Ce roman n'est qu'une unique phrase, un unique souffle de vie avant la noyade, dans lequel tout est dit. On est complètement happé par le récit, par la précipitation de la narration. Les mots sont simples, puissants, choisis et finement aiguisés, d'une vérité crue que le lecteur prend en pleine figure.
La personnalité d'Anguille nous emmène, complexe, mystérieuse mais sans détour, d'une grande modernité dans une société patriarcale. Elle a choisi la liberté et l'assume jusqu'au bout, avec ses lourdes conséquences. L'écueil du misérabilisme est ainsi évité.
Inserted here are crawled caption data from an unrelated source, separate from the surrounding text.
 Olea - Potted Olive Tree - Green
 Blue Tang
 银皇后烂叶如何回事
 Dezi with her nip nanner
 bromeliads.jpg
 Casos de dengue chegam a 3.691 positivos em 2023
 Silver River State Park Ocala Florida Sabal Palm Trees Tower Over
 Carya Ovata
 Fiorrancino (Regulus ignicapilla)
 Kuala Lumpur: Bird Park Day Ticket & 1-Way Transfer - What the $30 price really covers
Quand on entend parler des Comores, c'est pour évoquer les drames des migrants noyés entre Anjouan et Mayotte, attirés par l'espoir d'une vie meilleure. C'est le sujet, le point de départ du livre. Mais ce n'est qu'une porte d'entrée dans une histoire de vie, celle d'une jeune fille vivant dans un village de pêcheurs, quelque part dans l'océan Indien. Le lecteur voit à travers les yeux d'Anguille, qui raconte son histoire avec un réalisme sans détour, des images justes, taillées au couteau. Le misérabilisme est évité, autant par sa force de caractère que par ce qu'elle nous fait voir de son environnement familial, de son village, des palabres, des couleurs et du poids de la tradition. Ali Zamir prête à son héroïne une façon moderne de raconter, mais qui rappelle aussi fortement les contes africains. D'ailleurs, les personnages ont des noms d'animaux, pas choisis au hasard, qui décrivent et reprennent quelques-uns de leurs traits de caractère (Anguille, Crotale, Vorace…). Grotesques, émouvants, cruels, leurs interactions font tourner la fable à la farce triviale et tragique.
Un premier roman bouleversant, et prometteur, dont on ne peut que souhaiter qu'il fasse mieux connaître la littérature africaine.